■ Work instruction
Repeat, exactly and alone, every line from the line that contains "Rusya Tarihi Dersi" to the end of the entries.
◇ ◇ ◇ ◇ ◇
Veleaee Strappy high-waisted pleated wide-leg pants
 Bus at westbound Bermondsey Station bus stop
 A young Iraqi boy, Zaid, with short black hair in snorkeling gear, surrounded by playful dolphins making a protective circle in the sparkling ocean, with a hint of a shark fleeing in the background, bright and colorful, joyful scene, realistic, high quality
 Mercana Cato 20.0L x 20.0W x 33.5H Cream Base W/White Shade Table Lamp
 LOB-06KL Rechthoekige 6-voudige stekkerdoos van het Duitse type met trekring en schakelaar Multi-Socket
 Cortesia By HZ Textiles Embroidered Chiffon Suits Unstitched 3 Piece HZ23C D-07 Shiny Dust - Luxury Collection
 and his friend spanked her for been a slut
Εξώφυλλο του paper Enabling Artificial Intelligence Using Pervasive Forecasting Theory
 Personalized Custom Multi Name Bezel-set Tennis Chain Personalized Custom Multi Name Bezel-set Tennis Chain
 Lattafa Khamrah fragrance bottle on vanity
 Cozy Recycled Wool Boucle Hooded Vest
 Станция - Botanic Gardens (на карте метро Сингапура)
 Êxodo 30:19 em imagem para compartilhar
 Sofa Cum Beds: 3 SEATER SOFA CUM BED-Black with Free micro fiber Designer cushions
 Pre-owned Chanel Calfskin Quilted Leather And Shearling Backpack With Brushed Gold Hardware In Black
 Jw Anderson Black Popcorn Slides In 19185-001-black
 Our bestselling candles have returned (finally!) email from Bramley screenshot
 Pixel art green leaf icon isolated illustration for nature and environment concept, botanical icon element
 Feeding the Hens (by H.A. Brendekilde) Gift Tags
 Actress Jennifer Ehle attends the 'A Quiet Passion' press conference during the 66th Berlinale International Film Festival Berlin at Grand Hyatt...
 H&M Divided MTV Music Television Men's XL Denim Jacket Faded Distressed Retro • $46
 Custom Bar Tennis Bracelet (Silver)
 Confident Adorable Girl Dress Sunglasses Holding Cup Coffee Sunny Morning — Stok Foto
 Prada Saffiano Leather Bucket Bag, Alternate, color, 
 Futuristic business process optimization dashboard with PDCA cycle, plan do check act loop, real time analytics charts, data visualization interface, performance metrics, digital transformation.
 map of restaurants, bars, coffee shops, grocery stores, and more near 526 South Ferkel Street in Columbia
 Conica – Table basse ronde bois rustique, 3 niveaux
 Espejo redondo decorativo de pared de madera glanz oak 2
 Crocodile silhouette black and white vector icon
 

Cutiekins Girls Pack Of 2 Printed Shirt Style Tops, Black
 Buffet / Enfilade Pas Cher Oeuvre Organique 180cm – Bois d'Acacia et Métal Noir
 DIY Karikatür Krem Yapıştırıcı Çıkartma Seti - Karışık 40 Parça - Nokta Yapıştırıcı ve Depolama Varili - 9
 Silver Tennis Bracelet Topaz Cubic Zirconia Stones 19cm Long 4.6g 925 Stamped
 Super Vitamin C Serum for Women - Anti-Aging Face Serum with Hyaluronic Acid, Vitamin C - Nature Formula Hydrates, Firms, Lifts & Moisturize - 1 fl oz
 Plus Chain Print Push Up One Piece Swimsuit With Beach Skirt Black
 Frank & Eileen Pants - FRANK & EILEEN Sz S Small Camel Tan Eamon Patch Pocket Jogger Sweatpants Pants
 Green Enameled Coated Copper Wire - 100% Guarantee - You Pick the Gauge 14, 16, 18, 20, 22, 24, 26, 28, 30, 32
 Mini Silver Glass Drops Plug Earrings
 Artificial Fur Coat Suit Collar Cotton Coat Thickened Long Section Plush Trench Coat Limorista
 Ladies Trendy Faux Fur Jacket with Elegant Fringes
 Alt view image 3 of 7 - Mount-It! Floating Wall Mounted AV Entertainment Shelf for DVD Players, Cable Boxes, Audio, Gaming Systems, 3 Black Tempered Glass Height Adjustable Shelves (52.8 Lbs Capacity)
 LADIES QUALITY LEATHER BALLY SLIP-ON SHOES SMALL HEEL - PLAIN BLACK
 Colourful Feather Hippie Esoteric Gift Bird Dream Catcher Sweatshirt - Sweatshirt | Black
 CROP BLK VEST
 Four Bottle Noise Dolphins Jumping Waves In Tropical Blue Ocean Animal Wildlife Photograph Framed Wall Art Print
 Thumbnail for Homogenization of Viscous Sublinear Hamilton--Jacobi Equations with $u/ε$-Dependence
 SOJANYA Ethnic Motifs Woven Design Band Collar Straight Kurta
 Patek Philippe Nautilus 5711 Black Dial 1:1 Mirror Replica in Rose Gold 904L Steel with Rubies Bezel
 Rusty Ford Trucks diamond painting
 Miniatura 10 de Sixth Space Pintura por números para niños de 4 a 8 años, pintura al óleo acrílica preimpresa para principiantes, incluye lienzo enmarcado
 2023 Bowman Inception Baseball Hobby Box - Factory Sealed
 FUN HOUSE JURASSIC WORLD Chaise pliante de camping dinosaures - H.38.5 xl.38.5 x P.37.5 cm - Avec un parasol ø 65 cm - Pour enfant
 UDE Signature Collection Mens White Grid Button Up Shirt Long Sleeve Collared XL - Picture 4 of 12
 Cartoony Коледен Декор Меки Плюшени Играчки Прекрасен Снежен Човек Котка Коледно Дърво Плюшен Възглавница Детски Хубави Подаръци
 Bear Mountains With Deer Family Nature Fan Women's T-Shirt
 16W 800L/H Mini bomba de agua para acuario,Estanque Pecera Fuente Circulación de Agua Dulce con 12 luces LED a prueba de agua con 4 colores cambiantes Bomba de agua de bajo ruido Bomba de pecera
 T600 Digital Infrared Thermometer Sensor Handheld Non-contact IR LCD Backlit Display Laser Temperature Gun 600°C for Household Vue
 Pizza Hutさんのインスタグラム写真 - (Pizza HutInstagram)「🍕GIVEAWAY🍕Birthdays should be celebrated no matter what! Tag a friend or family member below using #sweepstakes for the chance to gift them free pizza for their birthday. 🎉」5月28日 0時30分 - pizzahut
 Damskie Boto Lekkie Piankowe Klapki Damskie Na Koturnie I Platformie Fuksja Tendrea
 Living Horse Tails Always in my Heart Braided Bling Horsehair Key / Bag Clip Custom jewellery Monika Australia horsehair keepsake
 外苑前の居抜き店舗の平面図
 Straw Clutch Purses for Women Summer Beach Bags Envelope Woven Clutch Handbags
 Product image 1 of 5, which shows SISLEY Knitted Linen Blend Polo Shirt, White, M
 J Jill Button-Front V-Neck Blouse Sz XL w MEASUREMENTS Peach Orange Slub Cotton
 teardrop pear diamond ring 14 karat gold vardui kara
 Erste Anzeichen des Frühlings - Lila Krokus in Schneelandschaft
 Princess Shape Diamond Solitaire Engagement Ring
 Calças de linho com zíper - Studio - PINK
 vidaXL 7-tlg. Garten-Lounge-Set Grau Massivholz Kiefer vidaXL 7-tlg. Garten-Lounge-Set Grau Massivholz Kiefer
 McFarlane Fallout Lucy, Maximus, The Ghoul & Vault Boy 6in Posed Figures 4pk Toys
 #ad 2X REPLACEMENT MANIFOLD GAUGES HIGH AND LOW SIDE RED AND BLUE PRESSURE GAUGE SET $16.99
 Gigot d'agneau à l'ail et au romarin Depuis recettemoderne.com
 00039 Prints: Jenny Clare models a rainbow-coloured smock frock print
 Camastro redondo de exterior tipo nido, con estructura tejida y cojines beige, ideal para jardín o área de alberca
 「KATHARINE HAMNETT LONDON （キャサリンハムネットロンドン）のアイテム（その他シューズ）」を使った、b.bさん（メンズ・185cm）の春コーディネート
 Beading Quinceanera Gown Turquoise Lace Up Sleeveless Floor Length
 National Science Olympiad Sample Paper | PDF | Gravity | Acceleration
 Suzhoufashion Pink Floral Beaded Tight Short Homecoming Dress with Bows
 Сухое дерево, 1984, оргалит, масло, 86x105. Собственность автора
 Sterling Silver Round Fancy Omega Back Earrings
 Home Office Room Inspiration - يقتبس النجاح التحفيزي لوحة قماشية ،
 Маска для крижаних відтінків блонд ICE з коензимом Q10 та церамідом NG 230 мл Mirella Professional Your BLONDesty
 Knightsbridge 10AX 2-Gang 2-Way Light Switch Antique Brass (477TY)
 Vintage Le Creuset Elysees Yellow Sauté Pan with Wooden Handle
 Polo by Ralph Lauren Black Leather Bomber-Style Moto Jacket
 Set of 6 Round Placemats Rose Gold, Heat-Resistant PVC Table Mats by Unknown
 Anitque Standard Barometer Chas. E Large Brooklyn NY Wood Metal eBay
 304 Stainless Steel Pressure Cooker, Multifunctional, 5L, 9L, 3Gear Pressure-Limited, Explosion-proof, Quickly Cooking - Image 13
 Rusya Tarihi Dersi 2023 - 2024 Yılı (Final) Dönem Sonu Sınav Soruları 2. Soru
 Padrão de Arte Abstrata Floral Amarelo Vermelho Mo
◇ ◇ ◇ ◇ ◇
■ Output for this task
 Rusya Tarihi Dersi 2023 - 2024 Yılı (Final) Dönem Sonu Sınav Soruları 2. Soru
 Padrão de Arte Abstrata Floral Amarelo Vermelho Mo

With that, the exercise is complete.